- Provided material

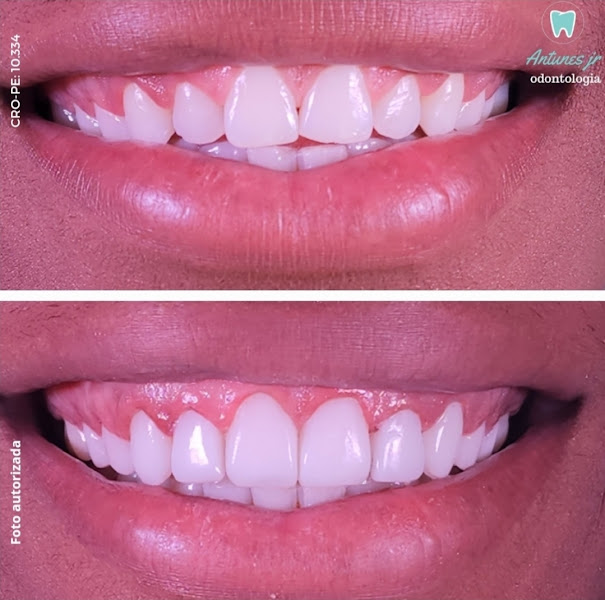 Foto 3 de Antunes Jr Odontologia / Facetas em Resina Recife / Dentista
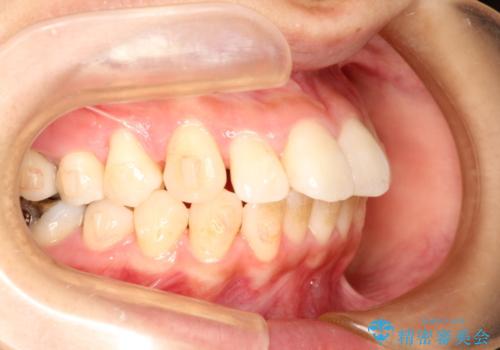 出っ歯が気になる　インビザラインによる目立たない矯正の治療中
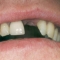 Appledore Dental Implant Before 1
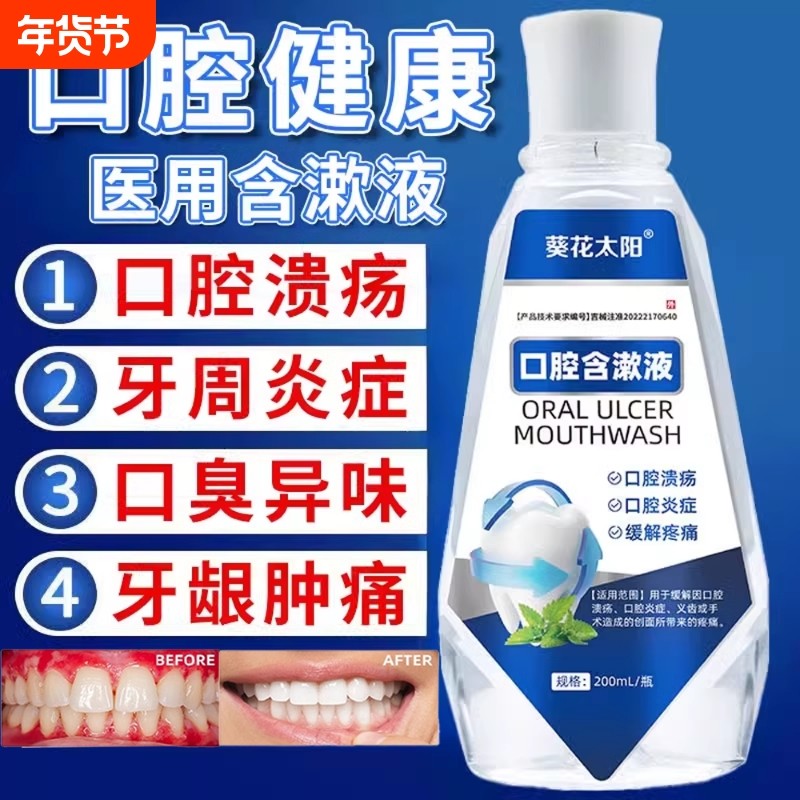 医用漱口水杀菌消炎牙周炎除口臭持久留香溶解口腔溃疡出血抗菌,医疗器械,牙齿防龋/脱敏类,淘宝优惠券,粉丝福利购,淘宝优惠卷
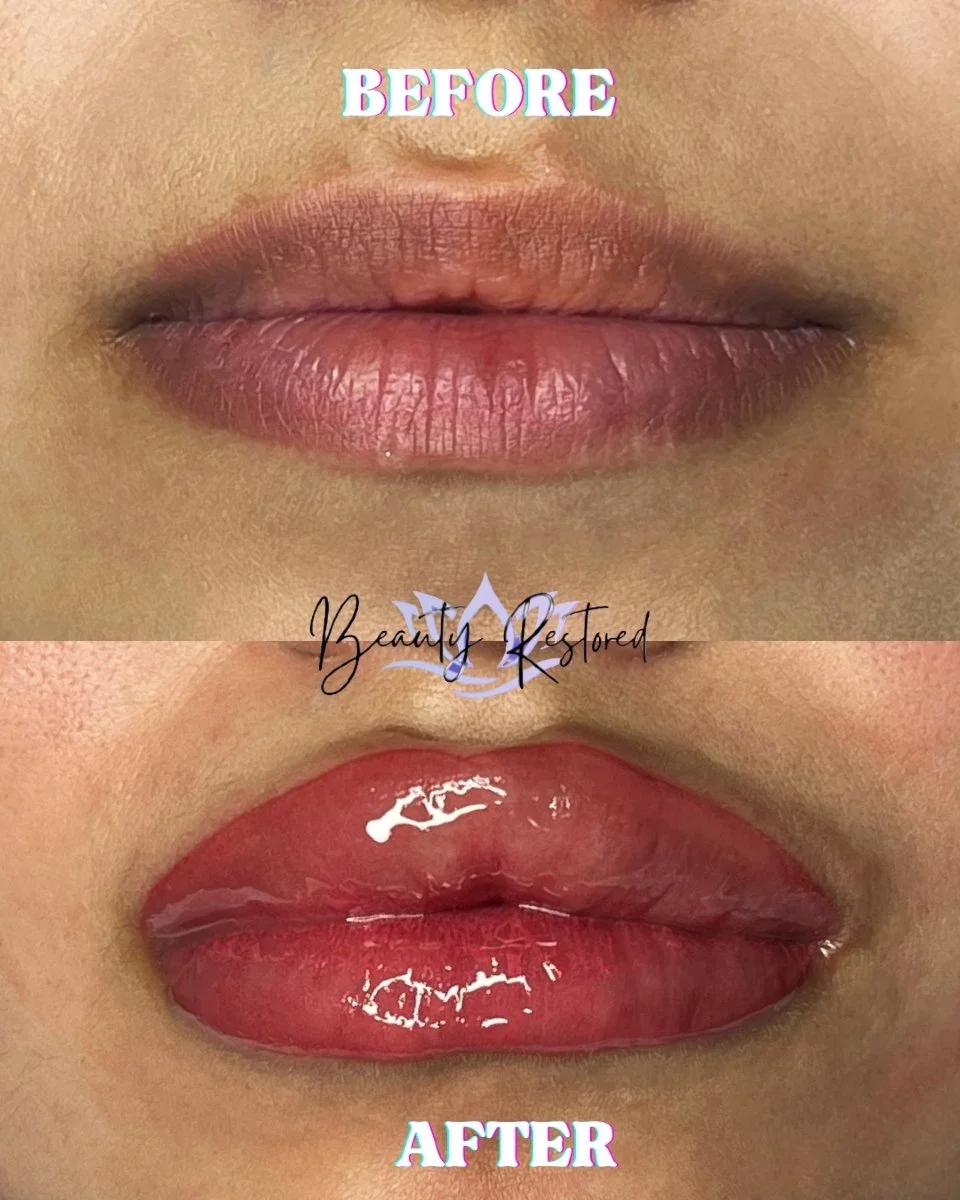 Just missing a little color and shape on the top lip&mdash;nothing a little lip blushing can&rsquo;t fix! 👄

- Task instructions
Please reproduce each entry above word for word and keep the pictures out of the copy.

- Response to the exercise
 Foto 3 de Antunes Jr Odontologia / Facetas em Resina Recife / Dentista
 出っ歯が気になる　インビザラインによる目立たない矯正の治療中
 Appledore Dental Implant Before 1
 医用漱口水杀菌消炎牙周炎除口臭持久留香溶解口腔溃疡出血抗菌,医疗器械,牙齿防龋/脱敏类,淘宝优惠券,粉丝福利购,淘宝优惠卷
 Just missing a little color and shape on the top lip&mdash;nothing a little lip blushing can&rsquo;t fix! 👄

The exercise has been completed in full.